It may take even longer to understand why certain material systems give rise to
consciousness. In the meantime, just as Galileo's view of Earth in the heavens
did not render our world any less precious or beautiful, neither does the
physicalism of neuroscience detract from the value or meaning of human life.
What
is the classic Christian understanding of the soul?
J.P Moreland offers a fundamental explanation:
The Bible teaches that our soul leaves the body when we die and enters an
intermediate state between death and final resurrection. During the final
resurrection, we will receive a glorified body to be reembodied again.3
In the same video, he explains why Christians should be concerned about
this topic:
(1) Over the last two decades or so,
some neuroscientists are striving to do away with the concept of the soul.
(2) They argue that we are not anything
more than our brain. They contend that our consciousness is generated by the
brain and that consciousness resides in the brain.
(3) But a classic Christian
understanding would be that the consciousness resides in the soul and with a
deep integration and causal connection with the brain.
(4) Hence, Christians should be
concerned about the soul’s existence so
to be able to interpret the modern findings of neuroscience and integrate it
with classic Christian doctrine and theology.
The
existence of the soul is significant to the credibility of the classic
Christian understanding of the gospel and our belief in life after death. Moreover,
if the soul exists, it would largely undermine the Darwinian concept of
evolution because an atheist should explain how the human mind came into existence from matter, says Moreland:4
Neuroscience
and the soul is very, very important to the Christian Church for two reasons.

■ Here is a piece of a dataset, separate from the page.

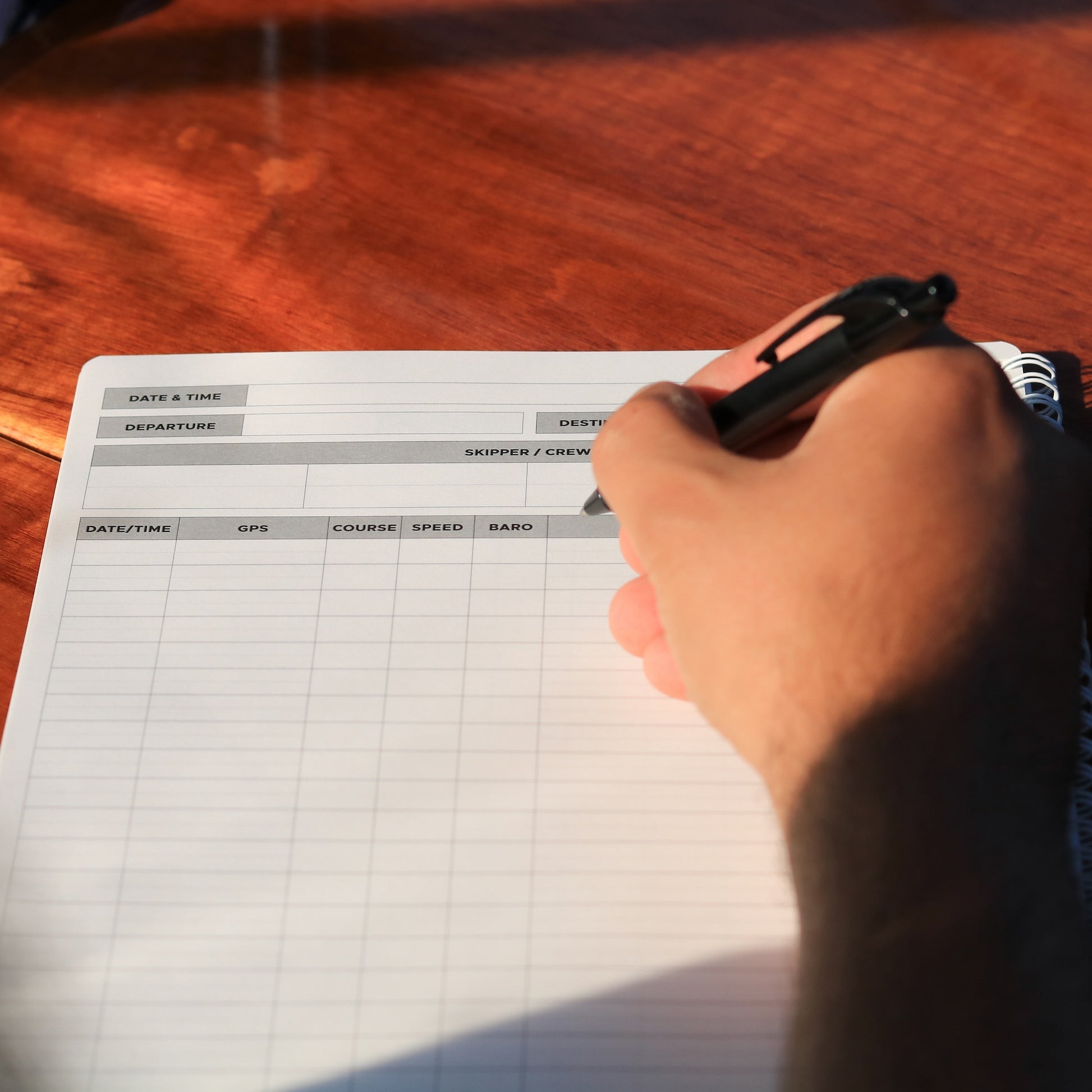 Close-up of updated sailing log pages showing GPS, speed, barometric pressure, and note fields.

First of all, Gallup polls have indicated that there has been a steady loss of
belief in life after death as there has been an increase in the belief that
we’re our brains. The idea that many people have, and sensibly enough, is that
if you’re a brain and your brain dies, that’s the end of you. If there is a soul, this means that there
is more to us than our brains and it tends to lend support to the idea that
there’s life after death.
The
neuro-scientific findings, if they do, in fact, undermine belief in the soul,
it has, for many people, undermined the belief in life after death and made the
gospel sort of pointless. What is the point of the gospel if this life is all
there is? The second reason that this is important is because it appears that
the Bible teaches that there’s a soul and if we are to revise the Bible’s
teachings in this area, under the pressure of neuroscience, what’s next? It’s
important to ask the question has science undermined traditional Biblical
teaching?
There is
actually another reason why this matters to the average person. Darwin
admitted, when he came up with his Theory of Evolution, that it could not
explain the origin of mind. That what his theory could do was to explain the
origin of animal bodies and brains, but it couldn’t explain the origin of mind.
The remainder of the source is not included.